Initial peasant reactions to urban agitation were by no means hostile. Traditionally religious and loyal to the clergy, many peasants were buoyed by the election of Pope Pius IX in 1846 and by his promises of reform. By 1848 a sense of expectation prevailed in many villages, where priests often took it upon themselves to speak for their parishioners. Peasant demonstrations, plantings of liberty trees, and the destruction of tax records followed the news of urban agitations in Palermo and Naples (January), Genoa, Turin, Livorno, Florence and Rome (February), Milan and Venice (March).
Peasant sympathy for the revolution was short-lived. Italian revolutionary movements raised issues that had little interest for most peasants. Demands for constitutional government, voting and civil rights, and national independence reflected and essentially urban and middle class agenda. Revolutionary elements willing to confront the "Agrarian Question" were a minority everywhere. Peasant support for the revolution waned quickly after March 1848, although after that date many peasants served the national cause in the war against Austria as conscripts in the Piedmontese army. With that significant exception, peasants either dropped out or turned against the revolution most notably so in Venetia, where peasant support was scorned by the revolutionary government and courted by the Austrians.
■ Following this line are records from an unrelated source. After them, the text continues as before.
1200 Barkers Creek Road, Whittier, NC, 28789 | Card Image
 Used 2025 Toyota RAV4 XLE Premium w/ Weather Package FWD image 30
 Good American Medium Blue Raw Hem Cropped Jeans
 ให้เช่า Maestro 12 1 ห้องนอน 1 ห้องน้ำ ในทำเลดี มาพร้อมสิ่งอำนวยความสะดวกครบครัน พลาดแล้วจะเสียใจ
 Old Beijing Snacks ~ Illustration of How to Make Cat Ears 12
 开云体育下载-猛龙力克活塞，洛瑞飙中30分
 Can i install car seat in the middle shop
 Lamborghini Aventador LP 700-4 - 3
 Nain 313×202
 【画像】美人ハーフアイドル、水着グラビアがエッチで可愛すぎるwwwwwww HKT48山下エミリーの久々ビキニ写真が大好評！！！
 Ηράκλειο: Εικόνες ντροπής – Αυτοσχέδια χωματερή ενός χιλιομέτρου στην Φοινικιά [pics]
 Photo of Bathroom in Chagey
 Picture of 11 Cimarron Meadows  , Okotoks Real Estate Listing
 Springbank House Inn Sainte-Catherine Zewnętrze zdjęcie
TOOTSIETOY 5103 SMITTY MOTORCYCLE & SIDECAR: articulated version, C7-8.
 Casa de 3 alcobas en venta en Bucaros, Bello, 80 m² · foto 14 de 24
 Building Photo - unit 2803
The revolutionaries' failure to capitalize on peasant discontent has long been the subject of debate. Some contemporary writers and participants, including Carlo Cattaneo, Giuseppe Ferraro and Carlo Pisacane, came to see the absence of social commitment as contributing to the ultimate failure of the revolutions. That theme was taken up and extended by Antonio Gramsci and other twentieth-century Marxist writers. There are few scholarly studies that focus on the role of peasants in 1848-49. A significant one is Paul Ginsborg's "Peasants and Revolutionaries in Venice and the Veneto, 1848," The Historical Journal XVII (September 1974), 503-50.